David, please tag dunetpc v08_31_00.

#7 Updated by David Adams 25 days ago

Test build is underway...

#8 Updated by David Adams 25 days ago

I just restarted test build with fix for configuration of keep-all signal finder.

#9 Updated by David Adams 25 days ago

The tag is made and builds started.

But I have trouble running test jobs with the code. There are many messages "Upgrading RawFragmentHeaderVI" and I get a crash from the TPC decoder on the second event processed.

#10 Updated by David Adams 25 days ago

After consulting with Tom, my conclusion is:

We don't have a working version of artdaq_core that is compatible with the version of Root used in larsoft v08_31_00. Until we have that, dunetpc must remain at v08_30_02.

I propose we move dunetpc back to v08_30_02 until we have demonstrated a working version of artdaq_core in a later release. Tingjun, do you want to do this? Or should I just change the larsoft version number?

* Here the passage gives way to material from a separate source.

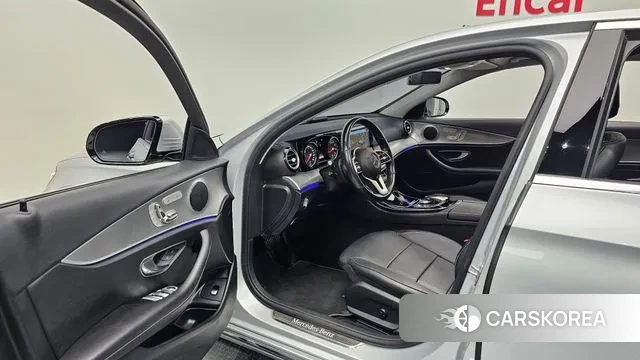 Mercedes-Benz E-Class W213 2019 Серый из Кореи, фото 2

#11 Updated by Lynn Garren 25 days ago

You should be using artdaq_core v3_05_02 with the s91 qualifier

#12 Updated by David Adams 25 days ago

Lynn:

What needs to be changed to do as you suggest?

#13 Updated by Thomas Junk 25 days ago

Hi Lynn, David,

It is artdaq_core v3_05_02 which throws an exception about missing fragment metadata when reading in ProtoDUNE-SP data. I am attempting to reproduce this myself. Indeed, no other version of artdaq_core can be set up with the new larsoft due to the root and other dependencies.

#14 Updated by David Adams 25 days ago

I see there are a lot of changes in dunetpc product_deps for v08_31_00. I copied a version I have from Sep 20 for v08_31_02 to see if I can build with that.

#15 Updated by Lynn Garren 25 days ago

I presume you found the feature branch we provided and/or added the missing artdaq_core library in the appropriate link lists. If there are further problems, you need to talk to the artdaq_core support people directly. We were advised that it was appropriate to tag 3.05, so I am also interested in the resolution to this problem. A short term solution is possible if it turns out to be complex, but I'd like to know more first.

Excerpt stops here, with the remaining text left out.